IGF-I increases muscle protein synthesis. IGF-I concentrations increase with growth hormone and testosterone administration, thereby accounting for some of the effect of these hormones on muscle bulk and strength (33, 34). Stem cells that express the muscle isoform of IGF-I prevent sarcopenia in old rodents (35, 36). Low IGF-I concentrations in malnourished humans suggest a role for IGF-I in the pathogenesis of cachexia (37-39).
Myostatin
Myostatin is a hormone produced in muscle that suppresses muscle growth by inhibiting myoblast proliferation (40). Genetic myostatin deletions produce double-muscled cows and muscle hypertrophy in mice (41-43). Recently, a double myostatin deletion was identified in a 1-y-old child with extreme muscle hypertrophy (44). Transgenic mice with the myostatin gene develop a cachexia-like syndrome that manifests with severe wasting (45). Similar human models have not been identified. Additionally, myostatin assays in humans have technical limitations.
Adrenal hormones
Glucocorticoids suppress glucose and amino acid muscle uptake by inhibiting cellular transporters (46, 47). Glucocorticoids have a permissive effect on the up-regulation of messenger RNA and the subsequent synthesis of components of the ubiquitin-proteasome system in muscle (13, 48). Glucocorticoids also inhibit protein synthesis and promote gluconeogenesis, which contributes to steroid-induced myopathy and impaired glucose tolerance. Elevated glucocorticoids in cachectic patients may contribute to ongoing proteolysis and impaired protein synthesis.
DISEASE AND CACHEXIA
Cardiac cachexia
The excessive elaboration of pro-inflammatory cytokines have been implicated in cardiac cachexia (49-52). In the Framingham Study, elderly subjects with no history of myocardial infarction or congestive heart failure had a significant increase in congestive heart failure risk per tertile increment in cytokine concentration (60% for TNF- and 68% for serum IL-6). Data also show that the highest concentrations of TNF- are associated with the poorest functional status in patients with congestive heart failure (53) (Figure 2).
Reversal of weight loss predicts improved outcomes in patients with cardiac cachexia undergoing treatment (54). Angiotensin-converting-enzyme inhibitors reduce circulating concentrations of IL-1 (55), TNF- (56), and IL-6 (57) and reduce the risk of weight loss (50). However, studies of entanercept, a TNF-receptor blocker (58, 59), and TNF antibodies (60) in patients with congestive failure did not improve outcomes.
Chronic renal failure
More than 25% of patients receiving hemodialysis are malnourished (61, 62). Two types of malnutrition occur in chronic renal failure: starvation and cachexia (Table 4). Starvation is predominantly due to poor energy intake and is characterized by a lack of inflammation and normal albumin concentrations (63). Adequate dialysis and nutritional support improve appetite and nutritional status in starved patients. In contrast, cachexia is associated with systemic inflammation, enhanced proteolysis, and excessive oxidative stress. Affected patients have elevated serum C-reactive protein concentrations, high cytokine concentrations, and hypoalbuminemia. Available data indicate that optimal outcomes in the treatment of cachectic patients are achieved by combined therapy with dialysis, anticytokine therapy, erythropoietin supplementation, and nutritional support. This multipronged approach has been shown to prolong survival, increase energy tolerance, and increase body weight (64, 65).

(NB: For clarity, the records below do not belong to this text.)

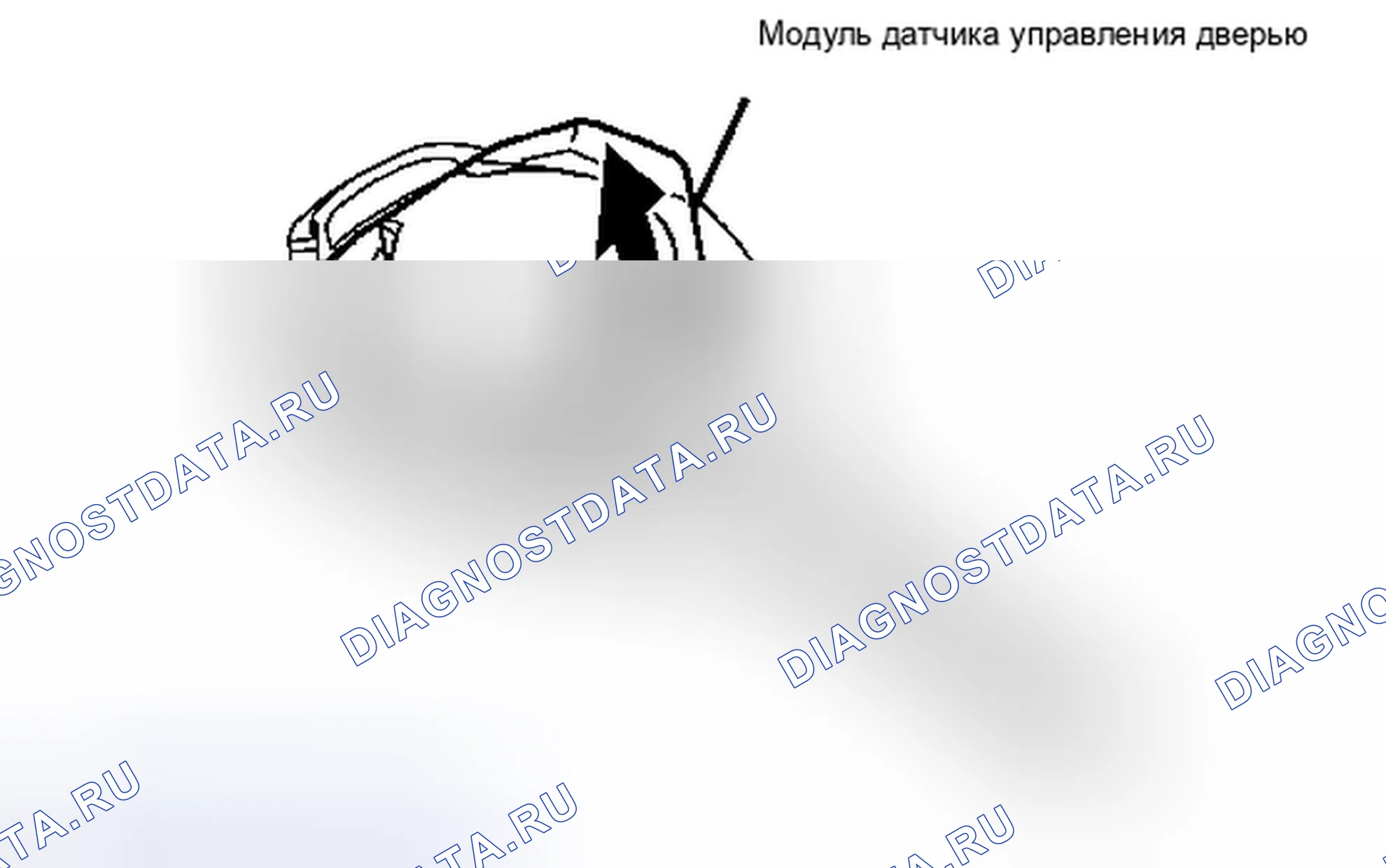 Рис. 87. Kia Sorento II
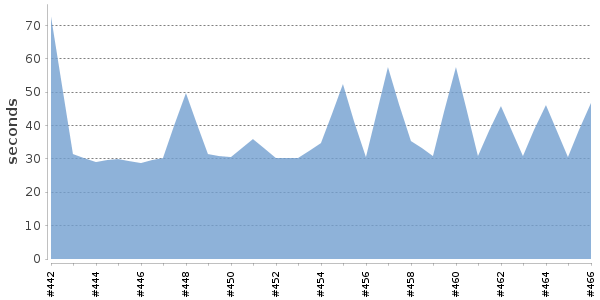 [Duration graph]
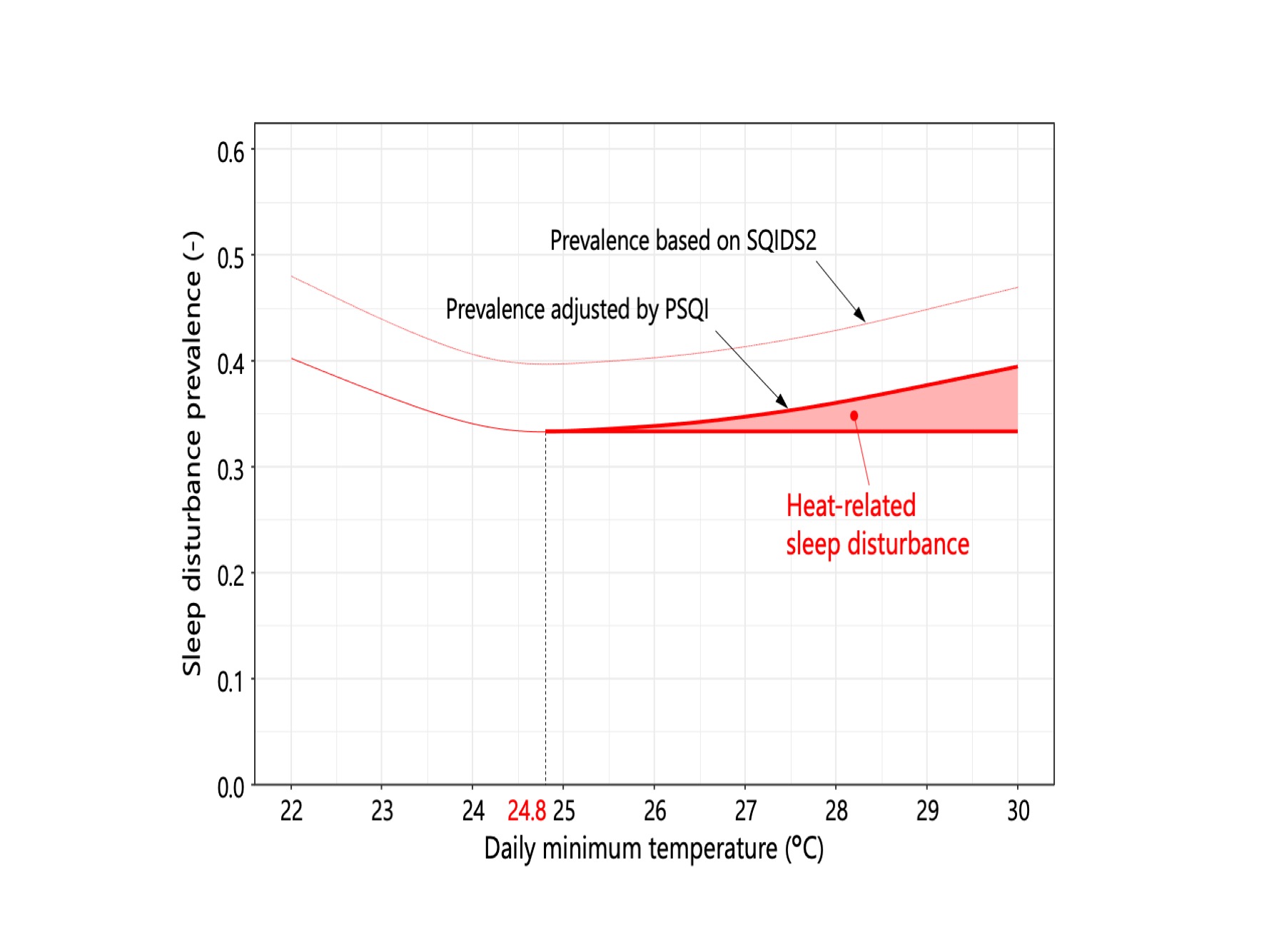 A chart showing increasing sleep disturbance with increasing temperature.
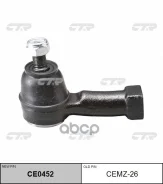 ���������� ������� ���� CTR ���. CEMZ26 CEMZ26, CTR CEMZ26 ����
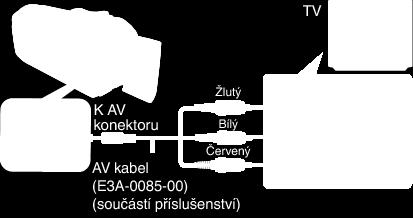 zařízení vybavená HDMI jsou kompatibilní s protokolem HDMI-CEC Řídicí funkce HDMI tohoto přístroje nebude při spojení s takovými zařízeními fungovat 0 Nezaručujeme, že tento přístroj bude fungovat se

Pathogenetic theories of malnutrition in renal failure implicate both hypercatabolism and anorexia (63, 66). Anorexia of renal failure is due to several factors: cytokine excess, gastroparesis, glucose absorption from the dialysate, medication, increased leptin concentrations, and zinc deficiency (67, 68). Hypercatabolism in renal failure is attributed to cytokine excess, inadequate dialysis, acidosis, infections, and insulin resistance (69).
Chronic obstructive pulmonary disease
Weight loss in patients with chronic obstructive pulmonary disease (COPD) is associated with muscle weakness, diaphragmatic dysfunction (70), respiratory failure, and poor quality of life and death (71, 72). Factors that contribute to weight loss in COPD include hypercatabolism, medications, anorexia, and the effect of increased thermic effect of eating on total energy expenditure (TEE) (73). Clinically stable patients with COPD and weight loss have significantly higher serum TNF- concentrations than do their counterparts with similar degrees of disease (74). At the molecular level, up-regulation of NF-B and inducible nitric oxide synthase (iNOS) occur in the skeletal muscle of patients with COPD and cachexia, which results in impaired protein synthesis (75).
Oral energy supplementation has no effect on anthropomorphic measures, lung function, or exercise tolerance in patients with COPD (76). Studies that examined the efficacy of cytokine antagonism, using megestrol acetate, in patients with COPD and cachexia showed improved appetite, weight gain, and increased exercise tolerance (77). Although testosterone concentrations are low in patients with COPD (78), replacement therapy failed to improve exercise tolerance despite an increase in body weight (79).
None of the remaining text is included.